In my October Blog Stats & Review post I mentioned that by night I’m an event planner. Part of the reason my stats dropped off was because I was planning the decor for this HUGE event. Let me tell you this was an event that took every piece of me.. ENTER THE BUJO.
Planning an event can be super stressful. But staying organized and on top of your tasks can largely take that stress away. So I wanted to share with you how I used my BuJo to plan this event.
First, let me start of by giving you a little background on the event itself. I was in charge of handling the decor for a fundraising event for a local high school. Each year they pick a theme and completely transform the gym of the school into this theme. For 2016 it was Alice in Wonderland. (To view photos from this event, click here.)
Since this spanned a few months of planning and preparation I used the concept of “threading” to keep my thoughts and plans organized in my bullet journal. But more on that in a second.
In college I took a project management class, and I love charts. One of the things we learned to do in regards to project planning was creating Gantt charts. This is my BuJo version. You basically break your project down into tasks (which can then be broken down into more tasks) and create a timeline, and then color code for progress. If you’re behind use red, if on time but still in progress use yellow, if done use green.
Okay so back to threading… notice on the bottom corner of the page you see the “47” as the page number, but then I’ve written in an > along with “p.48.” Generally you don’t “thread” your pages unless you’ll be skipping to a page that is not consecutive to the page you’re currently on, but I wanted to keep consistent with all of my planning pages for the event.
So the next page in my bullet journal that deals with this event is page 48.
The event had 4 major sections. A garden, the Rabbit hole, the woods/maze and the stage. I used washi to separate the page into 4 sections and then made lists of everything I needed to create for that space.
Now, this page gives a better example of threading. See the “> p. 66”? Since page 49 I had already used to go back to my general life planning, the next open page when I needed to start writing things down for this event again was page 66. That’s where threading really thrives.

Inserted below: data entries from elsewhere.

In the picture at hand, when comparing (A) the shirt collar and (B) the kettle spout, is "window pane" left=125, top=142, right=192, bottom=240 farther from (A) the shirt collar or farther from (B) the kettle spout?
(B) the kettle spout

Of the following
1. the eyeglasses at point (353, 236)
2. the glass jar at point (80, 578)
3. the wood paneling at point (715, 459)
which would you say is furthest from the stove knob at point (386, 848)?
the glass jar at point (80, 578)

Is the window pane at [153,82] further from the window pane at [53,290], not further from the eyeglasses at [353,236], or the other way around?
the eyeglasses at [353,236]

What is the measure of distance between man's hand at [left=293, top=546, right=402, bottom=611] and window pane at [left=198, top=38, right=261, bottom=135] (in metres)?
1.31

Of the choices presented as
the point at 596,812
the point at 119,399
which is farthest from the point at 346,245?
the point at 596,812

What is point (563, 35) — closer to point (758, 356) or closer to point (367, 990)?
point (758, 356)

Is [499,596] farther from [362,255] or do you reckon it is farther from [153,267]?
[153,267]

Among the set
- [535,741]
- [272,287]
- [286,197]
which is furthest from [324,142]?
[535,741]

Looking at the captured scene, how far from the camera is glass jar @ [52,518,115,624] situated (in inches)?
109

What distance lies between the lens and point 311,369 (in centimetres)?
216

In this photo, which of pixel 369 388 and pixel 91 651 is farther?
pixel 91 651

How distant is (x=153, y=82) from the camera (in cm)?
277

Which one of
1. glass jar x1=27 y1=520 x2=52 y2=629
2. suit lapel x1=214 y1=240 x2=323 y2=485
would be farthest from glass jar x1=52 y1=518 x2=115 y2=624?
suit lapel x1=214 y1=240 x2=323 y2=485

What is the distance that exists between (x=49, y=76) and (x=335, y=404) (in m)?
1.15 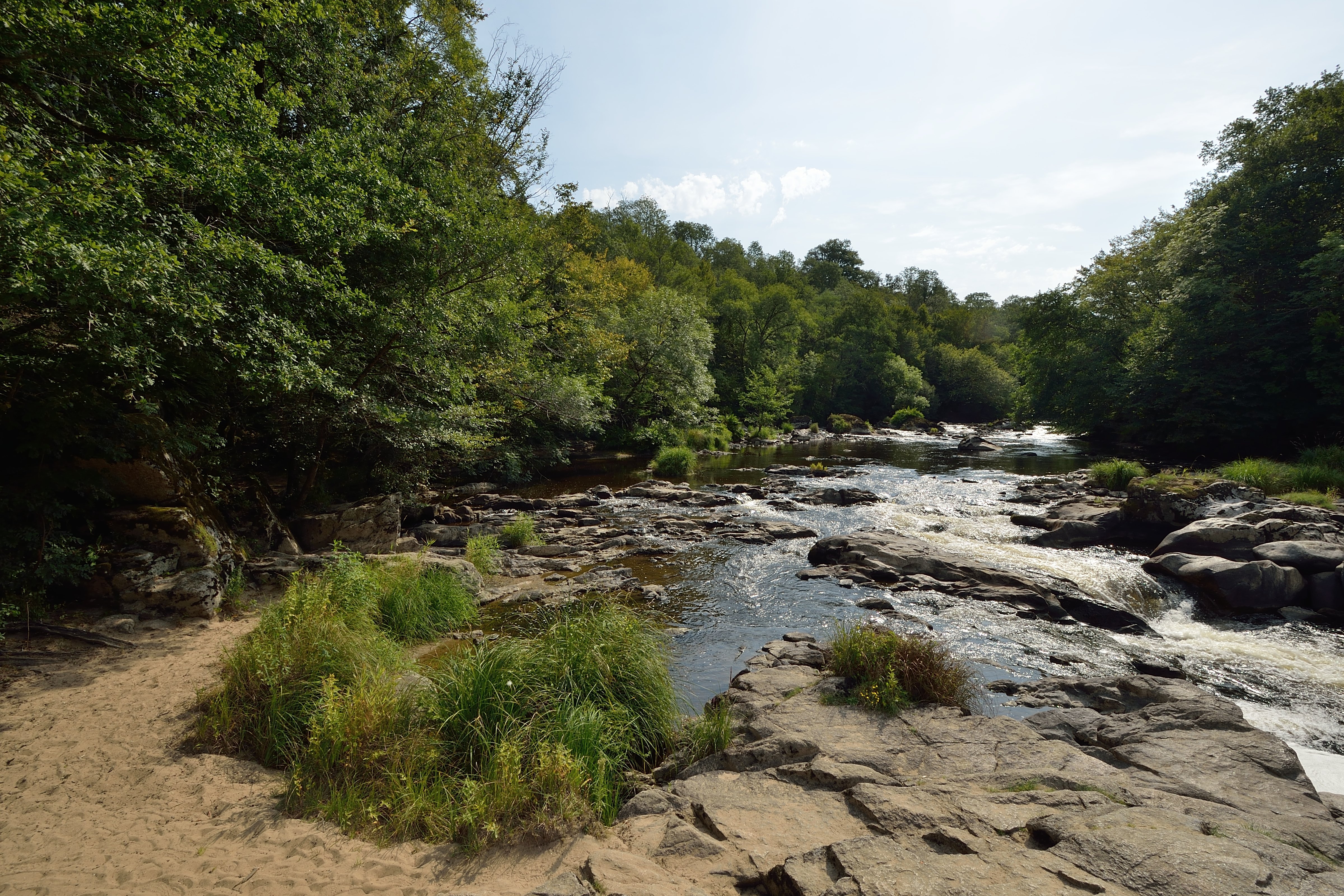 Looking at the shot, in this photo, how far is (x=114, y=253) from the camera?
16.2 feet

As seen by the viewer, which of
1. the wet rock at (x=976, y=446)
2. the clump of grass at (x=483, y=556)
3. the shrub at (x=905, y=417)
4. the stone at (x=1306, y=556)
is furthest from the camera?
the shrub at (x=905, y=417)

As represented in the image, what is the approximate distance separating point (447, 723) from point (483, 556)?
24.0 ft

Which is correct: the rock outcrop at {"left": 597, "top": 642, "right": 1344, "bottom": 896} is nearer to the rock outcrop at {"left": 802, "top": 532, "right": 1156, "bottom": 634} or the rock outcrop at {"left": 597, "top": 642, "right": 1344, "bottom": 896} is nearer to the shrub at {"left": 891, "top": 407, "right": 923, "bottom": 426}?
the rock outcrop at {"left": 802, "top": 532, "right": 1156, "bottom": 634}

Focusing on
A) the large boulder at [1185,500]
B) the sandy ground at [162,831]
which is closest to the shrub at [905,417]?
the large boulder at [1185,500]

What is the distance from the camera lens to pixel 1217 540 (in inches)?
461

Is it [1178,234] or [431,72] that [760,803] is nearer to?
[431,72]

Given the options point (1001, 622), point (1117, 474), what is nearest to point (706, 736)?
point (1001, 622)

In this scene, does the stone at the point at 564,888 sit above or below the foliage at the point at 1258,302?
below

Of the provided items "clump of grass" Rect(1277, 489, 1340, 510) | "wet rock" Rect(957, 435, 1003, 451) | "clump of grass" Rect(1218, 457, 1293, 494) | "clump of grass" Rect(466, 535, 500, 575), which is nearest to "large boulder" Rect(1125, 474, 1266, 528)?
"clump of grass" Rect(1277, 489, 1340, 510)

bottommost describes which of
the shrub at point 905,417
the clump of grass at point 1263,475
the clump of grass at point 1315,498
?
the clump of grass at point 1315,498

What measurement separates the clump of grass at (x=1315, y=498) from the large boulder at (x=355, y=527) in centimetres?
2107

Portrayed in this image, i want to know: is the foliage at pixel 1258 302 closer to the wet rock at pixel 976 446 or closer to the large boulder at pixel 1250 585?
the wet rock at pixel 976 446

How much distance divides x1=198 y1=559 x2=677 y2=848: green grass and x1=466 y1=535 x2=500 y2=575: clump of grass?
5.21 meters

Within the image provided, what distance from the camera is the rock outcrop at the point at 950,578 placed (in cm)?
998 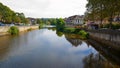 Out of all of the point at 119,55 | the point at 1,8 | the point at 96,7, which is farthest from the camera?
the point at 1,8

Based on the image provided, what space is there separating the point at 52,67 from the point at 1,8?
7038cm

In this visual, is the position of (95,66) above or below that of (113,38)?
below

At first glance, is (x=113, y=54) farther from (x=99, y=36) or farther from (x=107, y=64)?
(x=99, y=36)

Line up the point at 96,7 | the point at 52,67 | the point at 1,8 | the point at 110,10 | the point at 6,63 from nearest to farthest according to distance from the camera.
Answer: the point at 52,67, the point at 6,63, the point at 110,10, the point at 96,7, the point at 1,8

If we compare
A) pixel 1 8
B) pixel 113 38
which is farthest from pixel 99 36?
pixel 1 8

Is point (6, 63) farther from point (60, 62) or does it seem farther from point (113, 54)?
point (113, 54)

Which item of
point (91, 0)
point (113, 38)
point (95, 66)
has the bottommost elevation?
point (95, 66)

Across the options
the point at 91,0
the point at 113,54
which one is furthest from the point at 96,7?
the point at 113,54

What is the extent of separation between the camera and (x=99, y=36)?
137 ft

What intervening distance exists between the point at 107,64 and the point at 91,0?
30695mm

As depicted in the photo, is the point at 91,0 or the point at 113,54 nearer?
the point at 113,54

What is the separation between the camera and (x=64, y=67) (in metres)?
20.8

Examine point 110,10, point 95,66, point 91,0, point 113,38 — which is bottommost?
point 95,66

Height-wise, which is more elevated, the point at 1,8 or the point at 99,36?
the point at 1,8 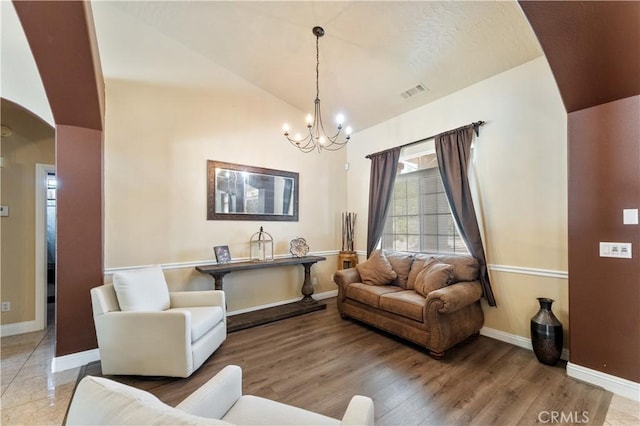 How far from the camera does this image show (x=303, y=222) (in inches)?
178

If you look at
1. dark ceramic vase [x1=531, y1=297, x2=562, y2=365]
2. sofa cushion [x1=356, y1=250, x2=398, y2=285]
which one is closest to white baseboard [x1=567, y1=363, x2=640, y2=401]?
dark ceramic vase [x1=531, y1=297, x2=562, y2=365]

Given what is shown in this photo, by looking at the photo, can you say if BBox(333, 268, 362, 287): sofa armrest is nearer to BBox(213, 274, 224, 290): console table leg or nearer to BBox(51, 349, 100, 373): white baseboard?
BBox(213, 274, 224, 290): console table leg

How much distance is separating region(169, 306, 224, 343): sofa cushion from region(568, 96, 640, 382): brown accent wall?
3308 millimetres

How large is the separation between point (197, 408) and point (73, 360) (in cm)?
246

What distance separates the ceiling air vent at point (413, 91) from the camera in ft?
11.3

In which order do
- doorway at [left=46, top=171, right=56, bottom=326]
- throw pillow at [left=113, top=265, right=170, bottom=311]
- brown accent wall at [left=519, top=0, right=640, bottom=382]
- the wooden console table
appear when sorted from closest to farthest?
brown accent wall at [left=519, top=0, right=640, bottom=382], throw pillow at [left=113, top=265, right=170, bottom=311], the wooden console table, doorway at [left=46, top=171, right=56, bottom=326]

I created this chart in my journal (which actually spans about 4 page spreads) to track all of the tasks I needed to accomplish, along with the date I wanted it completed by and if I was done with it or not. Since I had SOOO many tasks, I started highlighting them when I completed them. It was so much easier for me to find the uncompleted tasks that way. If a task ever became irrelevant, I would just cross off the entire line.
I also created the sticky notes that allowed me 6 tasks. I worked on prep for this event daily for about a month. Those 6 tasks were given a date, and those were the 6 tasks I wanted to completed that day. I X’d them off once I did them. Generally, I had those sticky notes attached to my daily planning page for that day.
Once I reached the point where I needed to make task lists for the actual set up days, I created a full page for each of the 4 major sections of the event. I added in diagrams of the space with washi tape that folded over to save space.
This had been my original vision for the hedge maze, but it didn’t end up looking exactly like that.